An ISA defines everything a machine language programmer needs to know in order to program a computer. What an ISA defines differs between ISAs; in general, ISAs define the supported data types, what state there is (such as the main memory and registers) and their semantics (such as the memory consistency and addressing modes), the instruction set (the set of machine instructions that comprises a computer's machine language), and the input/output model.
Computer architectures are often described as n-bit architectures. Today n is often 8, 16, 32, or 64, but other sizes have been used (including 6, 12, 18, 24, 30, 36, 39, 48, 60). This is actually a simplification as computer architecture often has a few more or less "natural" datasizes in the instruction set, but the hardware implementation of these may be very different. Many instruction set architectures have instructions that, on some implementations of that instruction set architecture, operate on half and/or twice the size of the processor's major internal datapaths. Examples of this are the 8080, Z80, MC68000 as well as many others. On these types of implementations, a twice as wide operation typically also takes around twice as many clock cycles (which is not the case on high performance implementations). On the 68000, for instance, this means 8 instead of 4 clock ticks, and this particular chip may be described as a 32-bit architecture with a 16-bit implementation. The IBM System/360 instruction set architecture is 32-bit, but several models of the System/360 series, such as the IBM System/360 Model 30, have smaller internal data paths, while others, such as the 360/195, have larger internal data paths. The external databus width is not used to determine the width of the architecture; the NS32008, NS32016 and NS32032 were basically the same 32-bit chip with different external data buses; the NS32764 had a 64-bit bus, and used 32-bit register. Early 32-bit microprocessors often had a 24-bit address, as did the System/360 processors.

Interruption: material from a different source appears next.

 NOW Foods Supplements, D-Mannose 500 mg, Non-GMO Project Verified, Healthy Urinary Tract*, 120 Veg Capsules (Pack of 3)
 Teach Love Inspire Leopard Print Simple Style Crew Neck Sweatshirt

The number of operands is one of the factors that may give an indication about the performance of the instruction set. A three-operand architecture will allow
A := B + C
to be computed in one instruction.
A two-operand architecture will allow
A := A + B
to be computed in one instruction, so two instructions will need to be executed to simulate a single three-operand instruction.
A := B A := A + C
An architecture may use "big" or "little" endianness, or both, or be configurable to use either. Little-endian processors order bytes in memory with the least significant byte of a multi-byte value in the lowest-numbered memory location. Big-endian architectures instead arrange bytes with the most significant byte at the lowest-numbered address. The x86 architecture as well as several 8-bit architectures are little-endian. Most RISC architectures (SPARC, Power, PowerPC, MIPS) were originally big-endian (ARM was little-endian), but many (including ARM) are now configurable as either.
Endianness only applies to processors that allow individual addressing of units of data (such as bytes) that are smaller than the basic addressable machine word.

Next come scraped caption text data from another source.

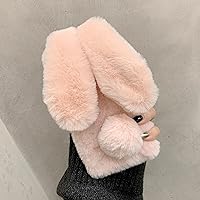 Compatible with iPhone 14 Pro Max Rabbit Fur Case, Soft Fluffy Furry Cute Bunny Plush Rabbit Cover Warm Big Ear Bling Crystal Rhinestone Bowknot Ultra Thin Case for iPhone 14 Pro Max Women Girls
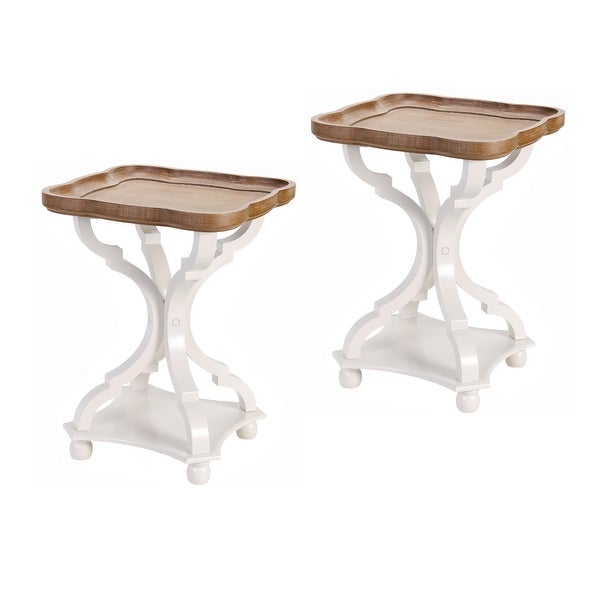 COZAYH Set of 2 Rustic Farmhouse Tray Top End Table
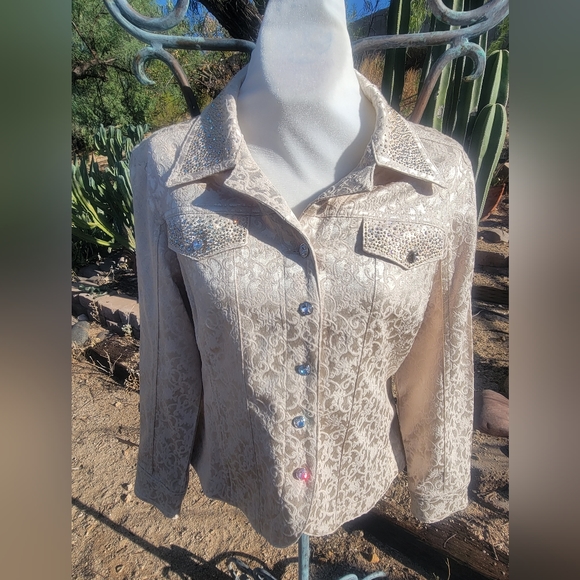 Embellished Western Style Jacket White - Picture 2 of 5
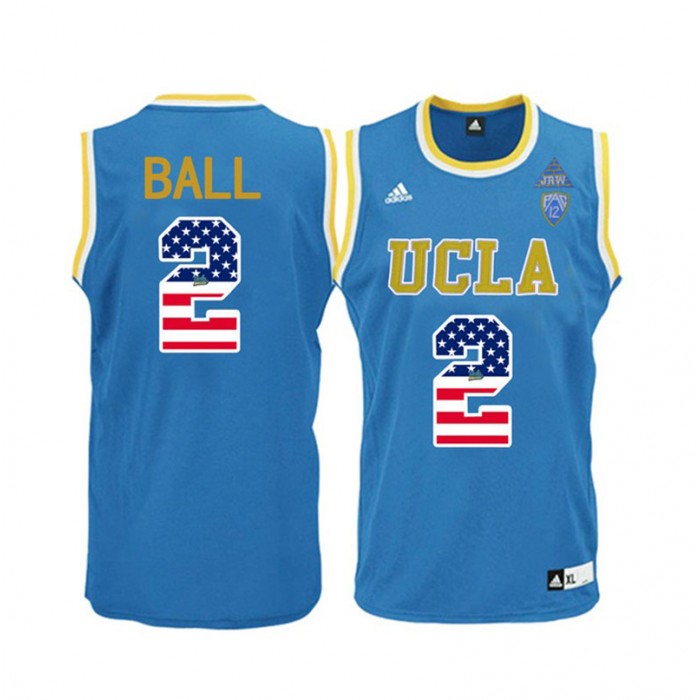 Male UCLA Bruins Lonzo Ball Blue National Flag Basketball Jersey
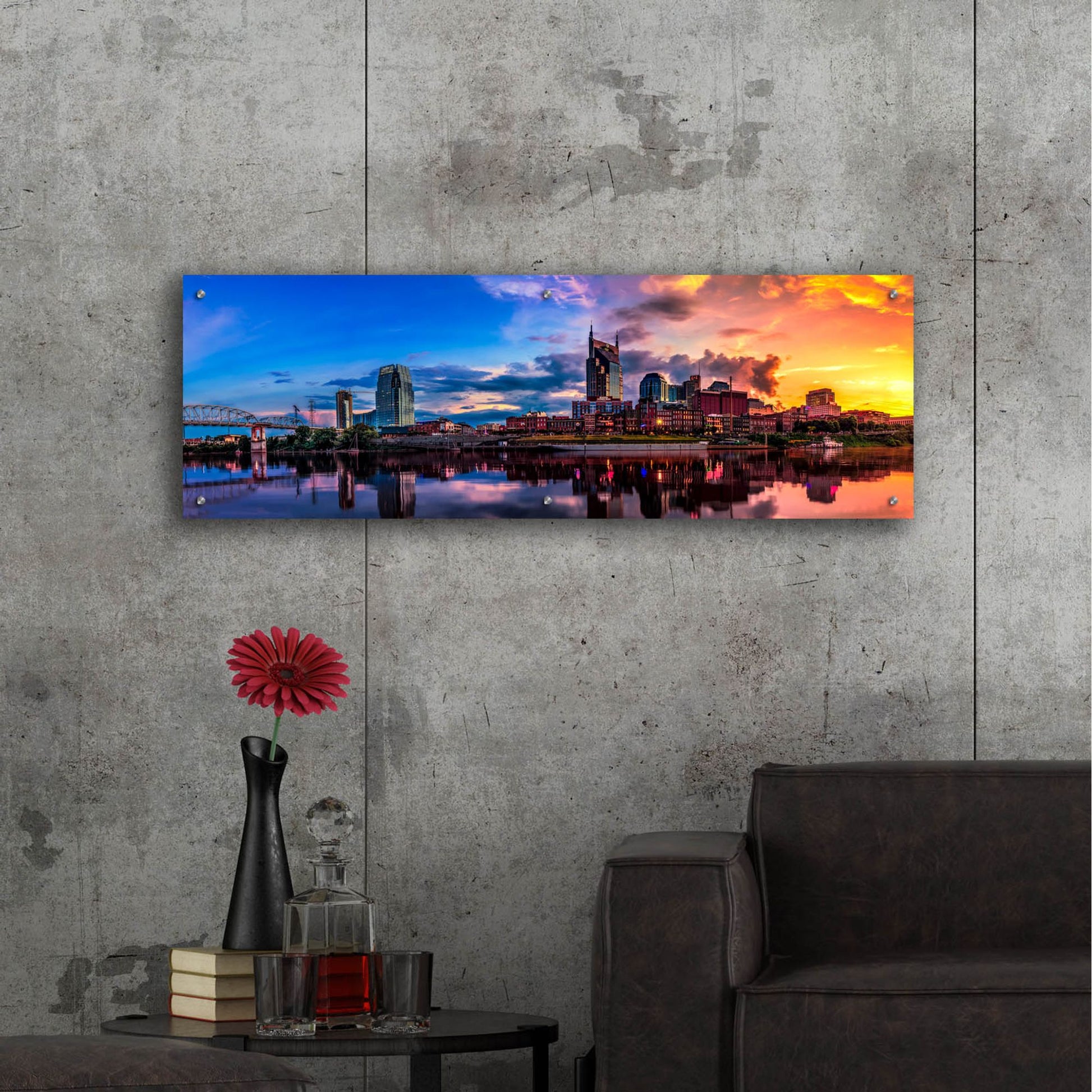 Epic Art 'Nashvile After The Storm' by Jonathan Ross, Acrylic Glass Wall Art,48x16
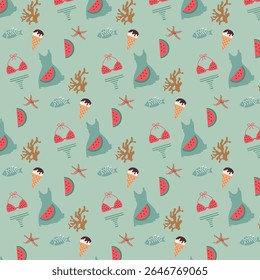 Watermelon summer pattern,Seamless pattern with watermelon,Beach party  repeating pattern with swimsuit,ice cream,red fruit,coral,fish on green background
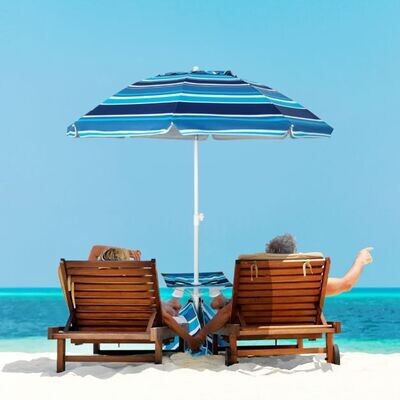2 m Hoher Strandschirm mit Tisch &amp; Sandsack Tragbarer Sonnenschirm Marineblau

This section may be confusing or unclear to readers. In particular, Open and Royalty free are not defined and most entries are unsourced. (October 2021)
Usually the number of registers is a power of two, e.g. 8, 16, 32. In some cases a hardwired-to-zero pseudo-register is included, as "part" of register files of architectures, mostly to simplify indexing modes. This table only counts the integer "registers" usable by general instructions at any moment. Architectures always include special-purpose registers such as the program counter (PC). Those are not counted unless mentioned. Note that some architectures, such as SPARC, have register windows; for those architectures, the count below indicates how many registers are available within a register window. Also, non-architected registers for register renaming are not counted.
Note, a common type of architecture, "load–store", is a synonym for " Register–Register" below, meaning no instructions access memory except special – load to register(s) – and store from register(s) – with the possible exceptions of atomic memory operations for locking.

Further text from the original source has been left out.